Water levels in Lake Powell will likely deteriorate below the target elevation of 3

National Park Service

Approximately 15% of Navajo Nation residents do not have running water and rely on water from regulated water sources or other sources such as livestock wells to fill their needs, according to the Environmental Protection Agency.

On March 20, the Supreme Court of the U.S. (SCOTUS) heard arguments in a water rights dispute spanning 150 years on whether the federal government broke its promise to the Navajo Nation.

The case, Arizona v. Navajo Nation, concerns two issues: treaty rights establishing the Navajo Nation’s homeland and access to adequate water for agriculture in 1868, and whether access to water granted to the Tribe conflicts with a previous court decree.

The 1868 Treaty between the U.S. and Tribal leaders established the Navajo Nation reservation in northeastern Arizona and northwestern New Mexico. According to the filed brief, the treaty provided land and water for the re-establishment of agriculture to return to a permanent home. The Tribe asserts the government has not honored the treaty.

Shay Dvoretzky, on behalf of the Navajo Nation, stated in his opening arguments the U.S. has failed to fulfill its promise in the 1868 Treaty by promising water to sustain life in the arid desert.

“The United States thinks that it alone decides whether it has made good on its promises,” Dvoretzky said. “But that’s not how promises work. A promise is a solemn duty, and the United States’ duty is to see that the Nation has the water it needs and the United States promised.”

Chief Justice John Roberts asked why water was not mentioned in the treaty when the number of sheep, cattle and seeds was mentioned. Dvoretzky replied water was “something that was simply inherent in the permanent homeland.”
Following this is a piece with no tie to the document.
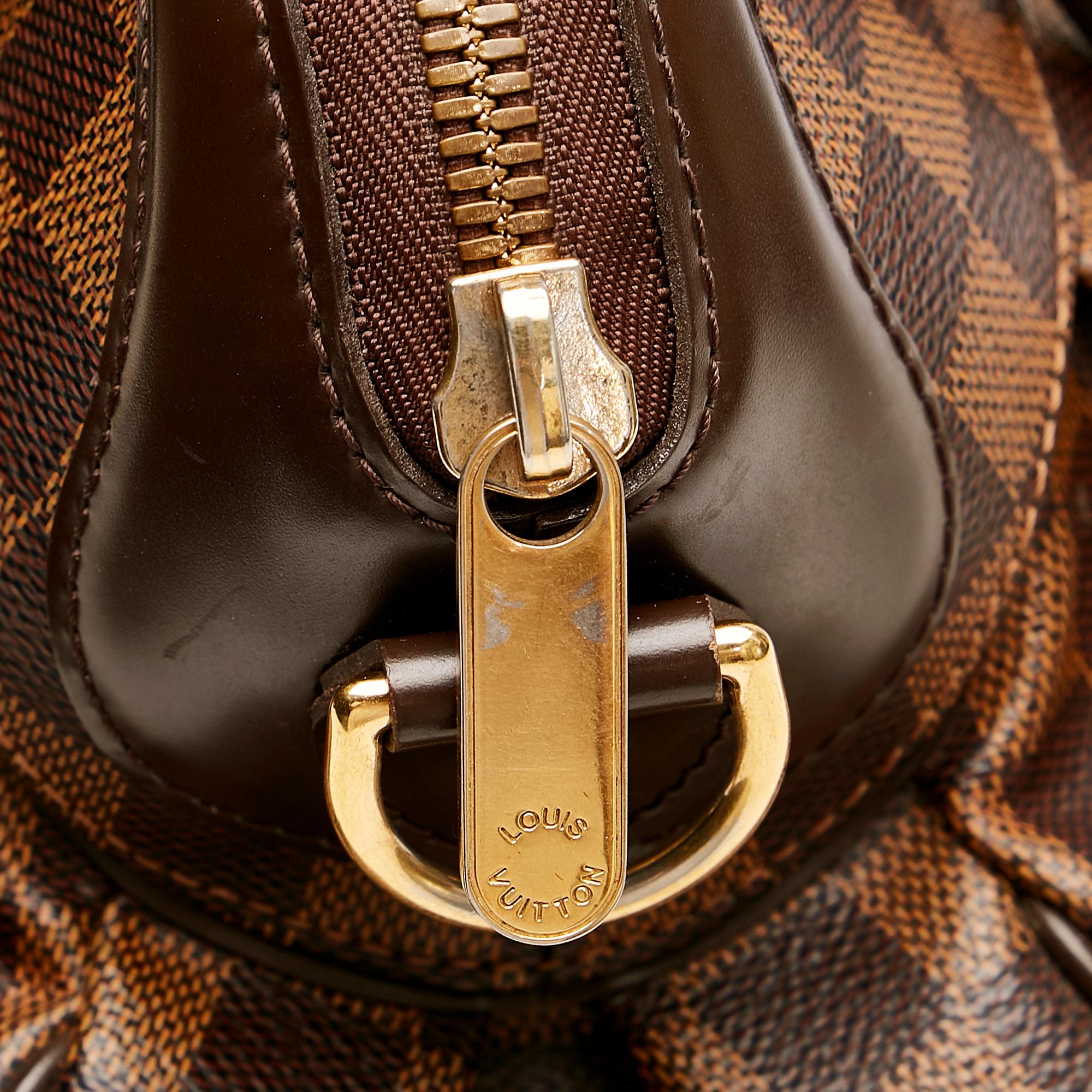 LO-LV bags 9990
Justice Samuel Alito wondered if there was insufficient language in the treaty regarding a permanent homeland. Dvoretzky said the agriculture provisions and the historical context are inherent in the term “permanent homeland” and that comes from the court’s decision in the Winters Doctrine.

Frederick Liu, arguing for the federal government, told the court the government is not obligated to build infrastructure such as roads, pipelines or wells and “because the government has never expressly accepted those duties, the Navajo Nation’s breach-of-trust claim can’t proceed.” Liu continued the Navajo Nation cannot impose on the U.S. a duty that the government has not accepted.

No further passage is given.